Dividend payments globally rose 3.1% year-on-year on both a headline and underlying basis, data from the latest Janus Henderson Global Dividend Index report reveals.

Headline rates for Japan (+14.4), North America (+8.7) and emerging markets (+8.9%) trended positive, while the UK (-7.1), APAC (-9.9%) and Europe (-1.6%) retreated.

Globally, nine companies out of ten (88%) increased their dividends or held them flat, with a median increase of 6.0%.

Significant cuts from just five companies (out of 700 in the index) obscured what would have otherwise been a rise in global dividends of 6.5%.

Globally, banks accounted for a fifth of the total dividends paid in the quarter, rising 6.6% on an underlying global basis and ahead of the average.

Dividend payments for Australian firms, however, trended down (echoing a similar trend across the APAC region), with the underlying rate dropping 0.8% overall.

A stronger Australian dollar propped the local headline growth by 4.0% along with a one-off special dividend from retail giant Woolworths, which helped to push the headline rate up a further 3.6%.

Overall, the headline rate grew 6.8%, with total quarterly dividends hitting US$18.0 billion (AU$27.6) for Australia.

One in seven Australian companies in the Janus Index made cuts, the largest of which came from Macquarie whose profits, Janus wrote, “are sharply lower owing to the impact of more stable energy markets on its commodity trading business and less income from selling green energy assets”.

The Commonwealth Bank’s 4.1% increase made the largest positive contribution – and also rated as the sixth highest rate of any business worldwide for the quarter.

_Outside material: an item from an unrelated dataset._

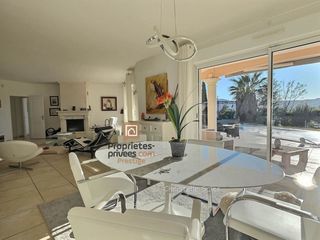  Villa � vendre 7 pi�ces 185 m�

This dividend rate decline was evident across the APAC ex-Japan region, which saw underlying growth decline by 6.8%, while headline growth dropped 9.9%, dragged down by weakness in Australia, Hong Kong and Taiwan.

China, India and Singapore all saw record dividends paid during the quarter. Most of the growth in China came from Alibaba, which is distributing cash to shareholders for the first time this year, whereas in India it reflected strong growth across a very broad range of companies, Janus wrote.

In North America, the first year of dividends from internet media companies Meta and Alphabet added a significant boost to already strong growth in the US, where 96% of companies raised payouts or held them steady year-on-year. Growth in the US reached 10.0% on an underlying basis.

On track to beat record

Given the lower level of Q3 one-off special dividends, Janus has trimmed its forecast for 2024 slightly to US$1.73 trillion, representing a headline increase of 4.2% compared to 2023 (down from a previous estimate of 4.7%). This figure still “comfortably [hits] a new record”.

Underlying growth is expected to be 6.4%, in line with previous forecasts.

“Concerns that higher interest rates might cause significant strain [on] the global economy have generally ebbed away. Companies report that it is getting easier to refinance debts and the banks are well-capitalised and generating good returns, even as interest rates fall, with bad debts remaining under control.

“Company profitability in most parts of the world looks robust and implies that dividend growth can continue into 2025.

“Dividends in any case show more steady growth than profits over time as companies seek to manage payout ratios over the business cycle.